Kenyan Schools Shine In Africa Debate Competition
At least 50 Amani Club secondary school students are expected to represent the country in a Pan African debate championship in South Africa from December 12 to 18.
This comes after the students won an East African debate competition in neighboring Tanzania, where ten selected schools competed.
St. Thomas of Kilifi County won the competition, followed by the Sigalame boys of Busia County and the Ribe boys of Kilifi County.
The Amani Clubs Kenya represented the country in various categories including debate, public speaking, and essay writing at the inaugural Mwalimu Nyerere Schools invitational debate championship tournament of East Africa in Dar-es-Salaam, Tanzania.
The students had the opportunity to work on topics such as peace, East African integration, and regional cohesion in order to improve their cognitive skills and integrate co-curricular activities with their traditional studies.

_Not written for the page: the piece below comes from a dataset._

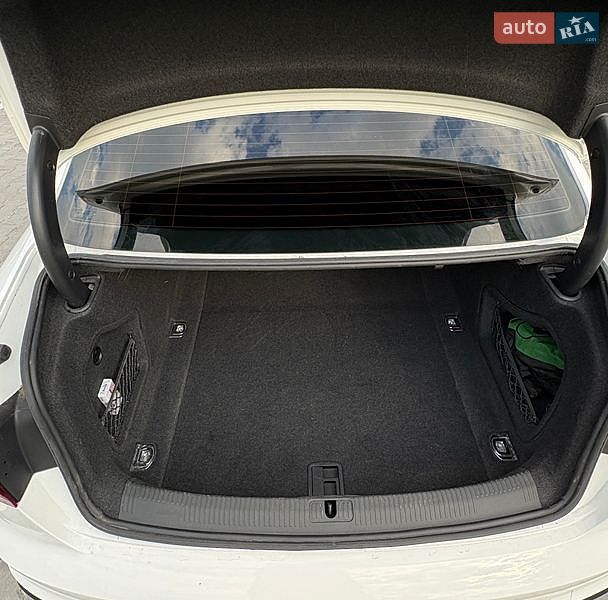 Седан Audi A4 2023 в Хмельницком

Kennedy Kunani, the National organizing secretary of Amani clubs Kenya, said after returning to the country that the clubs chose the representative students and teams from the lot that won the National debating championship that the club organizes countrywide.
“We usually host debating championships across the country and it is through that competition where we select the students and teams that represent the country in regional competitions,” he said.
Ribe Boys, Musoli Girls, St. Thomas Girls, Mukumu Boys, Marereni Secondary, and Sigalame Boys all competed and won awards in this year’s competition, according to Kunani.
The National Cohesion and Integration Commission (NCIC) established the Amani Club in 2016 in collaboration with the Ministry of Education (MoE) to promote peaceful coexistence in educational institutions.
The club has been involved in a variety of activities, including debates, environmental management, and essay writing, all with the goal of encouraging coexistence in schools.
Kunani stated that the Amani club will ensure that students and teachers work together to resolve issues in order to avoid chaos.
“Many schools reported indiscipline related concerns and the management of Amani club will ensure that students and teachers address their differences amicably to avoid additional disruption,” he added.
Patricia Madegwa, a Musoli girls student, expressed her excitement about participating in the debate competition.
Madegwa stated that the completion was not easy, but it provided them with exposure and experiences on what other students studying outside of the country are learning.
“We had an amazing tour and as Kenyan students we have learned that our neighbors Tanzania are giving prestige to their former leaders like Mwalimu Nyerere and value their cultural heritage a great deal,” she said.
Pascal Okai, for one, was amused by how the students were fluent in English while giving Kenyans a hard time, despite the obvious notion that they are fluent in Kiswahili.
Okai stated that they worked on the project with international schools from Dar es Salaam.